Among them are also a lot of incredibly funny stories about his “lacks,” often told in a self-deprecating manner by Mr. Scorsese himself.  Despite his gargantuan successes, the amount of times the director went from being at the top of the directing heap to virtually “dead” in the business (Note: His words, not mine) become head-spinning and almost comical.  While it doesn’t seem like someone at his “level” (Note: Again, whatever that means) would have to go butt heads with studio moguls or beg for money, Scorsese jokes that he’s been there a lot.  He even recounts one hilarious story where he threw the desk of someone he perceived to be a studio spy out a third floor window, admitting that right after he did it he was told it wasn’t even the right desk.

Oops?

I’ve seen every Scorsese film with the exception od Silence (2016) (Note: Some snowy night in front of the fire, as Joseph Mankiewicz wrote for Margo Channing to say in All About Eve) so by the end of Mr. Scorsese I wondered if there was anything significant I or the documentary hadn’t covered.. 
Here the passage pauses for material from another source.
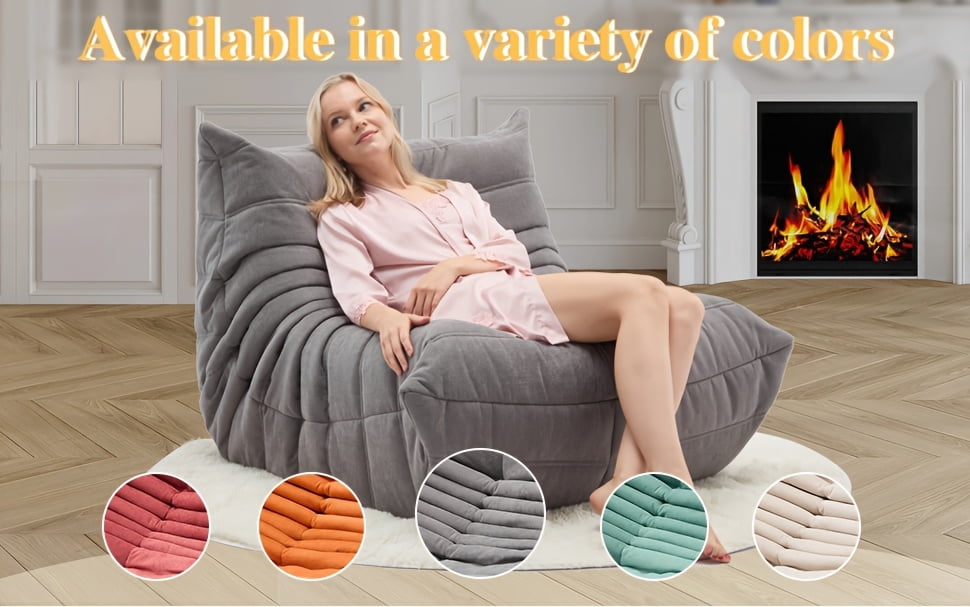 Memory Foam Bean Bag Chair with Free Round Carpet, Large Cozy Fireside Sofa for Adults, Knitted Fabric Ergonomic Lounge Chair for Living Room,  Movie Nights and Office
That is besides his 2024 Chanel commercial with Timothee Chalamet. Note: Ok, here it is:

Turns out there was one thing.

Ten years ago Marty directed an amusing 16 minute short film called The Audition, starring Robert De Niro and Leonardo DiCaprio playing fictional versions of themselves.  It was essentially made as a promotional tool for a new casino in Macau at a reported cost of $70 million, and has never been released theatrically, but, well, okay, you can watch it here:

The premise is that De Niro and DiCaprio arrive separately in Manila, run into each other, and find they’re both up for the same lead role in Scorsese’s next feature film. Written by his Boardwalk Empire collaborator Terrence Winter (Scorsese directed the pilot of the hit HBO series that Winter created, winning an Emmy in the process), it plays on a generational rivalry between the two stars and frequent Scorsese leading men as they try to one-up each other in front of the boss in order to land the role.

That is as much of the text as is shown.